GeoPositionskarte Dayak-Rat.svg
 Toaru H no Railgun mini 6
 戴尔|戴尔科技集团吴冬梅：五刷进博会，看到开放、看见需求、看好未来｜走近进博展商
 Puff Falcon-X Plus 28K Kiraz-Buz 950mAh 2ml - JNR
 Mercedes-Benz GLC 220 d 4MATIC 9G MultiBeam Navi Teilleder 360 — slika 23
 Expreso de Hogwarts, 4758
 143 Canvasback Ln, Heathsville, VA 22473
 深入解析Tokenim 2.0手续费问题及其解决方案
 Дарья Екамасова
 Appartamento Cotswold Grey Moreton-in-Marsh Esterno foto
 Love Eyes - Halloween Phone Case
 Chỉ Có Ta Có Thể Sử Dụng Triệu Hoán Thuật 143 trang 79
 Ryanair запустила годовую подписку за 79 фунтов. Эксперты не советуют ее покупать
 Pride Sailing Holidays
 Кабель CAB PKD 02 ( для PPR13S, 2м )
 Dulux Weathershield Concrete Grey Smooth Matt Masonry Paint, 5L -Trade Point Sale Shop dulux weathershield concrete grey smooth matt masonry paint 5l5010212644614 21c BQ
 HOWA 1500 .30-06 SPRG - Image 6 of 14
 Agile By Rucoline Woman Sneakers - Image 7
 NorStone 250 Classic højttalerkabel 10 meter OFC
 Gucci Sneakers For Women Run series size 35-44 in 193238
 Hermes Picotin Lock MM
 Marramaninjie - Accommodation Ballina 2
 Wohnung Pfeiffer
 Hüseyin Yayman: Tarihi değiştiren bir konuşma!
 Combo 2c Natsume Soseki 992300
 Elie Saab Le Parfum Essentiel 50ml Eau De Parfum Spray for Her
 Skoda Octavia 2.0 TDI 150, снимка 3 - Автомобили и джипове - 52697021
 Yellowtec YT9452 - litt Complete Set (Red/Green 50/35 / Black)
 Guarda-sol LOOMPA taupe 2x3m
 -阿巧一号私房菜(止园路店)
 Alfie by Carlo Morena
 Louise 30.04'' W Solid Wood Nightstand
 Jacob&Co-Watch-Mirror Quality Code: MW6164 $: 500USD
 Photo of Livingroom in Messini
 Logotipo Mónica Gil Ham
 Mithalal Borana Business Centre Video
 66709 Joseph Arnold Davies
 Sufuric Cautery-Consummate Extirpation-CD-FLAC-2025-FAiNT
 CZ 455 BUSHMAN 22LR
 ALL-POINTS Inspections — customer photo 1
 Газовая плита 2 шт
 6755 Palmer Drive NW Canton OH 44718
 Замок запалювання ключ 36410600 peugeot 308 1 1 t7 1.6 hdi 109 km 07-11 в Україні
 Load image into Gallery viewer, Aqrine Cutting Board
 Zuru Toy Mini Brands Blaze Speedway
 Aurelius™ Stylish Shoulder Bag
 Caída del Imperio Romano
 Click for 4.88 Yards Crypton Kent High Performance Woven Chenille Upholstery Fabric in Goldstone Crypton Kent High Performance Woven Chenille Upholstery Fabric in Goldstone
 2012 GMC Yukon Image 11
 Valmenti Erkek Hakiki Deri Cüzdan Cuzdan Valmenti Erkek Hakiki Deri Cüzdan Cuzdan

+ + +

Exercise description
How many lines in the records above contain the string "Sneakers"? State the number and nothing more.

Task answer
2